- **ACTIVITY**: From the entries that follow, reproduce exactly and only the lines from the line with "Man Crying In" to the line with "Modern living room", endpoints included.

□ □ □ □

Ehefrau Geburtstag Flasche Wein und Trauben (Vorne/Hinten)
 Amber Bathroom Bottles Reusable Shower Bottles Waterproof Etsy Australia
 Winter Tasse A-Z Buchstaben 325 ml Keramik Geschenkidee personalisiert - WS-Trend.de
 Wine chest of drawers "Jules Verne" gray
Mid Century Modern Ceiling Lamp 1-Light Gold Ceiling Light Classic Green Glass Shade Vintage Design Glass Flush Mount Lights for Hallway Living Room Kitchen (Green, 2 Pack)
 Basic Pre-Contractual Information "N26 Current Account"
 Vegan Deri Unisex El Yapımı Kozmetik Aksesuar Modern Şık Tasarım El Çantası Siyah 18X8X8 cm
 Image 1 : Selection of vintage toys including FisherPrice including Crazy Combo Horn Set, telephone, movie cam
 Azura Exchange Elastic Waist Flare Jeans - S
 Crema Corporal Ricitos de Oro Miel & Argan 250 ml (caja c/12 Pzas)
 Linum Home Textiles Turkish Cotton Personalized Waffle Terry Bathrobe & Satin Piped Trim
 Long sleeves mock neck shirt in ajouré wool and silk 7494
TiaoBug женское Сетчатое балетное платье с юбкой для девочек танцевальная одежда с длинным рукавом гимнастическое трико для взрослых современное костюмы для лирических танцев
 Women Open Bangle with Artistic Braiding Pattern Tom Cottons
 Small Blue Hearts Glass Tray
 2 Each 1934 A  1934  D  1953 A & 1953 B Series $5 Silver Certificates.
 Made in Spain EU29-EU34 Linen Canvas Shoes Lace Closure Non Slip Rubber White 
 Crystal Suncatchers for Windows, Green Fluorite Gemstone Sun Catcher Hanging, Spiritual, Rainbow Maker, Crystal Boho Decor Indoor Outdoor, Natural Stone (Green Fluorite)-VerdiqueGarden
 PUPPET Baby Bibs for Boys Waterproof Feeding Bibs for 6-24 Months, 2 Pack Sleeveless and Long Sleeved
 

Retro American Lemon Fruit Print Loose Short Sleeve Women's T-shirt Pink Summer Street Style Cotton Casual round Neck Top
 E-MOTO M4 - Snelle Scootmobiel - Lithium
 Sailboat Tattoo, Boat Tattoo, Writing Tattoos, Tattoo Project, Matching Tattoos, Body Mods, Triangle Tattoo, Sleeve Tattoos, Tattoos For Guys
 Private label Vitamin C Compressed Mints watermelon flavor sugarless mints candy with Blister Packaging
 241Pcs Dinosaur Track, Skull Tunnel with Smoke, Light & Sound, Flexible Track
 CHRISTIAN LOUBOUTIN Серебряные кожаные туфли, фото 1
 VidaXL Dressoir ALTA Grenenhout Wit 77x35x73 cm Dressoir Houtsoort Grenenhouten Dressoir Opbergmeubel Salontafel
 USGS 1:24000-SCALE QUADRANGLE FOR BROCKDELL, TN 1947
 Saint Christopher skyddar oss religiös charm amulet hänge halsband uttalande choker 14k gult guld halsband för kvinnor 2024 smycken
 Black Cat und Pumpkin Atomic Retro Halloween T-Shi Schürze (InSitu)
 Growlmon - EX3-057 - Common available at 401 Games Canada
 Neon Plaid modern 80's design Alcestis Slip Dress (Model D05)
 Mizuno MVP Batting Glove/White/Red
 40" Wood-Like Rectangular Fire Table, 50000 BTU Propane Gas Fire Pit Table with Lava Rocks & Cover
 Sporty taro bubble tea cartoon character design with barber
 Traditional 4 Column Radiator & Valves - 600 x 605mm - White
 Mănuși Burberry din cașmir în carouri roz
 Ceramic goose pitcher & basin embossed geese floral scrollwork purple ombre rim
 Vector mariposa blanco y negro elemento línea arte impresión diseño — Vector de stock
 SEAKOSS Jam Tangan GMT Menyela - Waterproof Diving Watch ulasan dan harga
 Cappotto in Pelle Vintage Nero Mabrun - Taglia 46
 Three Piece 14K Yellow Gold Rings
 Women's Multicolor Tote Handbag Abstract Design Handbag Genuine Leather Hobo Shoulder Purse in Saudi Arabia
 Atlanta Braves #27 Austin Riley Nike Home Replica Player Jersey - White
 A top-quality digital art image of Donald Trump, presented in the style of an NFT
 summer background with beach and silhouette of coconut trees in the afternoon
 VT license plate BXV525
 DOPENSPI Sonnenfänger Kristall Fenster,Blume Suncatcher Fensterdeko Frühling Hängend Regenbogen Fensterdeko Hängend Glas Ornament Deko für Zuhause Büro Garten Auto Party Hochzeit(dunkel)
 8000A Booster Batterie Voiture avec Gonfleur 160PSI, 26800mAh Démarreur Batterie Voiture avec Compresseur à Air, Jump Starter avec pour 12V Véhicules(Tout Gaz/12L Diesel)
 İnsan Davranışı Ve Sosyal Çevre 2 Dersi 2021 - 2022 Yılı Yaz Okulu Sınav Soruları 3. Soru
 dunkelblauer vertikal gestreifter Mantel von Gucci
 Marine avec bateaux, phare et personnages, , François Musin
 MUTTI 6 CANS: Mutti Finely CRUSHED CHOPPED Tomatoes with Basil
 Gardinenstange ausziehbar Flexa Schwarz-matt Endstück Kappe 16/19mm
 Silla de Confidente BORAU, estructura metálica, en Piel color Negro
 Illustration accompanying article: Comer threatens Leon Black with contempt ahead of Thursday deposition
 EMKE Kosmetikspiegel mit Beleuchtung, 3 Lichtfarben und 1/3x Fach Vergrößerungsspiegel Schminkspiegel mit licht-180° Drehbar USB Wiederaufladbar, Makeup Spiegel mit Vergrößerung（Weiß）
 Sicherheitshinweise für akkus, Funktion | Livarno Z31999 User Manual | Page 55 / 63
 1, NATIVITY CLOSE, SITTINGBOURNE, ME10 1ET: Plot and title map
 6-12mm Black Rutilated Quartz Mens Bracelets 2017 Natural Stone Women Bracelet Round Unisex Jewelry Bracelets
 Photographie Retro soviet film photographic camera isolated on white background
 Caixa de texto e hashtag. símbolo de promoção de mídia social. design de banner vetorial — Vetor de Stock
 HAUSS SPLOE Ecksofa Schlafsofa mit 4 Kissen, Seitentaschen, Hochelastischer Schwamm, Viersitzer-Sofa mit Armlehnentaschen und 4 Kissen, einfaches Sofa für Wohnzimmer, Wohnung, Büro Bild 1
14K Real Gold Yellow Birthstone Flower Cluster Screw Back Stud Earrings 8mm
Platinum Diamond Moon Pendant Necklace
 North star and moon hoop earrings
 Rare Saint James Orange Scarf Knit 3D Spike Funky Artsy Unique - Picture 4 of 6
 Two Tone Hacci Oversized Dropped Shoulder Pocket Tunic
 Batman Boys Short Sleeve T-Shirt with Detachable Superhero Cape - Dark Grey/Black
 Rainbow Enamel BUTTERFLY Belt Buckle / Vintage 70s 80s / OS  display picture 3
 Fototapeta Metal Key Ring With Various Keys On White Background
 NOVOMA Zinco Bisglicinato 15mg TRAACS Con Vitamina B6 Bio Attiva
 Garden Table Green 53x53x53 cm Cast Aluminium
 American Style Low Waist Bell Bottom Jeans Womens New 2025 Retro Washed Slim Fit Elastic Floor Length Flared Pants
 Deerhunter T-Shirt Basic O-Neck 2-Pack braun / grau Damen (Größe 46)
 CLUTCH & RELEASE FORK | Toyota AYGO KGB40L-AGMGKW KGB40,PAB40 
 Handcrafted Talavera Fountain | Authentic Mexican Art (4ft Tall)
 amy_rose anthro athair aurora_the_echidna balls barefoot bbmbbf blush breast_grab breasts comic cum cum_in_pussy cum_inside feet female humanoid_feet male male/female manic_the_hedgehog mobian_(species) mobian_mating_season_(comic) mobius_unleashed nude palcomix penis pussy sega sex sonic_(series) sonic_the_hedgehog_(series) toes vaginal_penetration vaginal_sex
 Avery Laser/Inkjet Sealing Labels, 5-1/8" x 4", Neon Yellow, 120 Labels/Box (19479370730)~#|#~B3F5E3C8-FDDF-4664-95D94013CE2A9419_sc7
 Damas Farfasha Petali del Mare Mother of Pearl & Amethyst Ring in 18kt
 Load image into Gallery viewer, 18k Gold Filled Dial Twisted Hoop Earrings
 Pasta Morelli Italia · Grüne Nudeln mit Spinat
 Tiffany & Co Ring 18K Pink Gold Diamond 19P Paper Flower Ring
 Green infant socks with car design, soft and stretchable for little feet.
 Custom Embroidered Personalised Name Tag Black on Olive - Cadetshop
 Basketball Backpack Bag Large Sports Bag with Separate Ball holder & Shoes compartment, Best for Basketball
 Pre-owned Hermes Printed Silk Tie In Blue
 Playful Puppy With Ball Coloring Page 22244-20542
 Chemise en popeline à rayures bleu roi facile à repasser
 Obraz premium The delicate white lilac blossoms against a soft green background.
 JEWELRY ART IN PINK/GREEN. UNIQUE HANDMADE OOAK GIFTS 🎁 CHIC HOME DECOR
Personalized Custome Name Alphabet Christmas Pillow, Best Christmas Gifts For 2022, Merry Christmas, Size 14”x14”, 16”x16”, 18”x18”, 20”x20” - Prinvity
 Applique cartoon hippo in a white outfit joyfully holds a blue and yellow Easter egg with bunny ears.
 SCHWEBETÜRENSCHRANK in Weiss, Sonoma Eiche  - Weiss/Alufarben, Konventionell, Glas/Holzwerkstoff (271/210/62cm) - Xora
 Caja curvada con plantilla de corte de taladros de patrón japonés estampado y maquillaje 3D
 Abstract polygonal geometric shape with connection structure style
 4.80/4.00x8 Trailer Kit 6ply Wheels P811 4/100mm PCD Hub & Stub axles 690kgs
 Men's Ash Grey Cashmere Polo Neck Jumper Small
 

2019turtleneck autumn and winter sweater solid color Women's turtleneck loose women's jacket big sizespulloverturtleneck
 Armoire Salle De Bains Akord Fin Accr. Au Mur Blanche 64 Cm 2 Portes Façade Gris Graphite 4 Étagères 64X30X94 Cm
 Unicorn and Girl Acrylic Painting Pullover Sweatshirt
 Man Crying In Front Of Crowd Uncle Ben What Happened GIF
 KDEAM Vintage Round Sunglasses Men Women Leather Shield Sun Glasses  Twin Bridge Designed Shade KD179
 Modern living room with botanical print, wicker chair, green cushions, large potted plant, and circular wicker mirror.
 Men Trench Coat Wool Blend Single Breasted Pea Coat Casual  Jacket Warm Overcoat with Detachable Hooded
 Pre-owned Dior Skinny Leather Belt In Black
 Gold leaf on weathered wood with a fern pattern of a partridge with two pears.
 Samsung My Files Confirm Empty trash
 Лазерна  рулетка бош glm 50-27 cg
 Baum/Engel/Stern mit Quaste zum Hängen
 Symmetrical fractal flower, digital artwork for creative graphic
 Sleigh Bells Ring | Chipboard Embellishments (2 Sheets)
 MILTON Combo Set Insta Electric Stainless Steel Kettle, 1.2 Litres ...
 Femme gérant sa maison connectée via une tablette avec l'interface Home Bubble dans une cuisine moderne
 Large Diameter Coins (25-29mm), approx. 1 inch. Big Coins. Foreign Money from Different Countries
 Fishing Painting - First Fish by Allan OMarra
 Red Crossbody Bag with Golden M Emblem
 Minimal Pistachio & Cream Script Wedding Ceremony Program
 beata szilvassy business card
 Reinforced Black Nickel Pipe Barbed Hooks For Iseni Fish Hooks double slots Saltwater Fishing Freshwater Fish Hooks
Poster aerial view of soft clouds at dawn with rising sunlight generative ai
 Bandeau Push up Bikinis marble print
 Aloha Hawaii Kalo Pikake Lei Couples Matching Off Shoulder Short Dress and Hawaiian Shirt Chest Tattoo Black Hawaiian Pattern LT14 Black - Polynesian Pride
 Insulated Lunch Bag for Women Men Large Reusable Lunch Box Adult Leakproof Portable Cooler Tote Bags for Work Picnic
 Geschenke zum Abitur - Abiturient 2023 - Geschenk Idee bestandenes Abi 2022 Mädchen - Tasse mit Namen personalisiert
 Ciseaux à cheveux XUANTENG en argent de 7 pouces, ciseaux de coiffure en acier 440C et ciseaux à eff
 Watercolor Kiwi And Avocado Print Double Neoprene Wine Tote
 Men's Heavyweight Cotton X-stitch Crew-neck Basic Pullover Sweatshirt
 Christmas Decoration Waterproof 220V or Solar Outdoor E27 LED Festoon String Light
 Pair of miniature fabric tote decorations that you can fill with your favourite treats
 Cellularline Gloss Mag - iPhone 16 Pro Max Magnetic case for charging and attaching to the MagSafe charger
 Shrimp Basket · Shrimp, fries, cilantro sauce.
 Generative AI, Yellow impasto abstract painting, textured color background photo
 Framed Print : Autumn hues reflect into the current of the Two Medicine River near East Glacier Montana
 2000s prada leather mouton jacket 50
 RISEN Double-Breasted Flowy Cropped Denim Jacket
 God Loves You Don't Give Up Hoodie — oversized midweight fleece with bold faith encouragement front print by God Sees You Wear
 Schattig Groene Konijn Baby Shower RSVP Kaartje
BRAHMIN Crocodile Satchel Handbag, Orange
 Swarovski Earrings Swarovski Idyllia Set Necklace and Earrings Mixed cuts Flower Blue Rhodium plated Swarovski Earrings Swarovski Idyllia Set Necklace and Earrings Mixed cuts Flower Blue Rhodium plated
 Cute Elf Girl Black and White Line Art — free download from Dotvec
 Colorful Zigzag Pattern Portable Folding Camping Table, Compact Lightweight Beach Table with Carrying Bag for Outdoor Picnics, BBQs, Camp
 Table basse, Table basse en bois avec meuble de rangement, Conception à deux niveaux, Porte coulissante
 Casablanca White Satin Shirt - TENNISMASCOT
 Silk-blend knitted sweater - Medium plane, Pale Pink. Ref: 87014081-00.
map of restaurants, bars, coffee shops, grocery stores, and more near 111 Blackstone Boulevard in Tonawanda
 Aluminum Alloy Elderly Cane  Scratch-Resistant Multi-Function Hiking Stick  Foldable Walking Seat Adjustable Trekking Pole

□ □ □ □

- **EXERCISE ANSWER**:
 Man Crying In Front Of Crowd Uncle Ben What Happened GIF
 KDEAM Vintage Round Sunglasses Men Women Leather Shield Sun Glasses  Twin Bridge Designed Shade KD179
 Modern living room with botanical print, wicker chair, green cushions, large potted plant, and circular wicker mirror.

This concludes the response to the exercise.